Our fourth class meeting will focus on Chapter 6 and Chapter 7 of Handbook of Regression Modeling in People Analytics. The video will be on youtube.
The Skinny
With qualitative outcomes that are nominal (Chapter 6) or ordered (Chapter 7); linear regressions and/or binary GLMs are insufficiently flexible and/or rich to confront the problem. In the nominal case, how one chose to turn the categories to values is unknown and, in the ordered case, the idea that unit distance separates the categories is an arbitrary assumption that is unlikely to be true.
Multinomial Models
A Bit on Random Utility
There’s a great blog post that I found that details this. In a classic paper for which [among many others], Daniel L. McFadden was awarded the Nobel Prize in Economics, he develops a multinomial/conditional logistic regression model for the study of nominal outcomes. The core statistics demonstration is that, if random utility for options is described by a Gumbel/Type I extreme value distribution, then the difference in utility has a logistic distribution. From this observation, one can develop random utility models for unordered choices that follows from utility maximization. In short, we can use microeconomic foundations to motivate the models that follow.
A Bit On Model Specification
There are two ways to think about such models. They can be motivated by choice-specific covariates or by chooser specific covariates [or a combination of both]. In general, if the covariates are chooser-specific, we call it a multinomial logit model while, if the covariates are choice specific, we call it conditional logit or conditional logistic regression. McFadden’s paper is built around transportation choices.
One Key Assumption to McFadden’s Approach
The independence of irrelevant alternatives contends that, when people choose among a set of alternatives, the odds of choosing option A over option B should not depend on the presence or absence of unchosen alternative C. Paul Allison, a famous emeritus sociologist at the University of Pennsylvania, has a nice blog post on this that is well worth the time.
Imagine the following scenario; you are out to dinner and you are given menus. One of your companions is excited to choose a steak from the menu. The server arrives and announces the specials of the day; your companion then decides that a pork chop option from the menu is preferable. Perhaps they were originally indifferent between the steak and the pork chop. Nevertheless, it would appear as though the presentation of irrelevant alternatives – the specials – had a nontrivial effect on your companion’s choices.

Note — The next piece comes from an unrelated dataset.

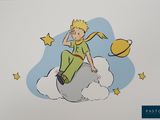 Le Petit Prince est assis sur un nuage parsemé d'étoiles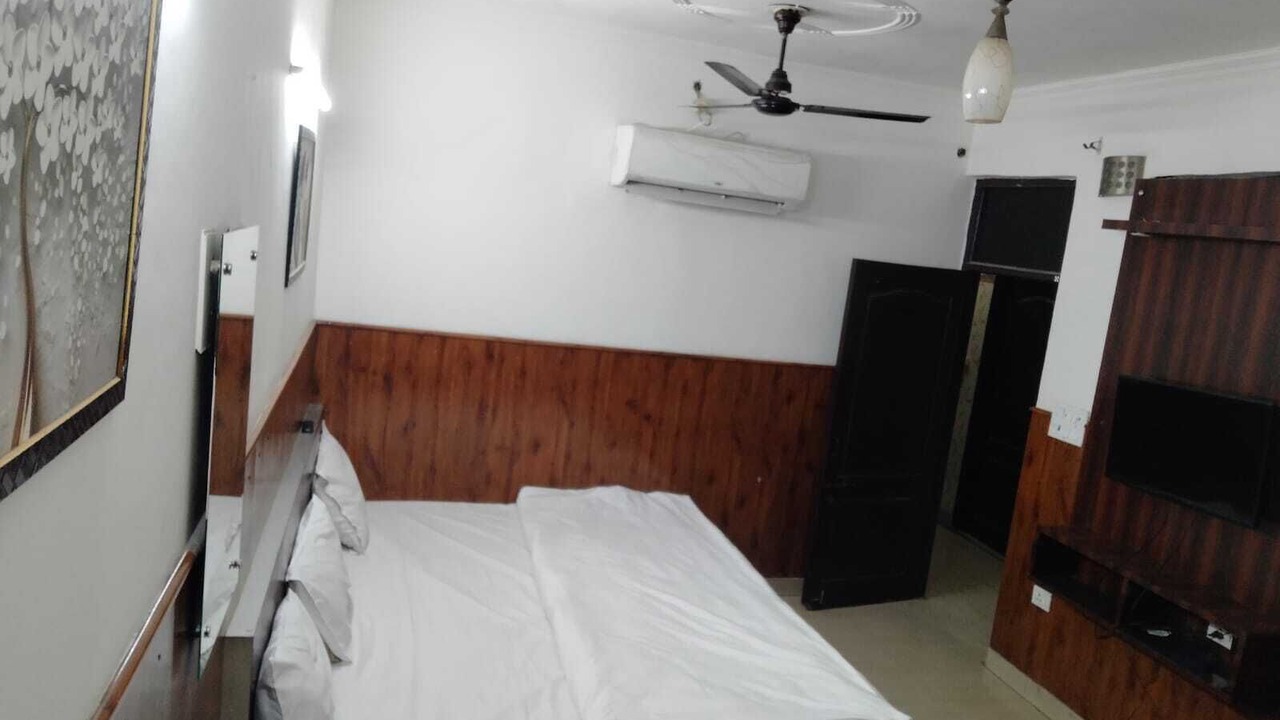 Photo of Bedroom in Azadpur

Multinomial [Unordered] Outcomes
An example: exchange rate regimes and the vanishing middle.
There is a sizable literature on how countries structure markets for currency exchange. There are two polar approaches:
Fixed: the price is fixed and central banks offer the needed quantities to maintain a given price.
Flexible: the quantities are fixed and the price adjusts.
but there is also a third: intermediate regimes; things like floating pegs, the ERM snake, and others that are mixtures of the two. The literature in international monetary economics highlights these as prone to instability.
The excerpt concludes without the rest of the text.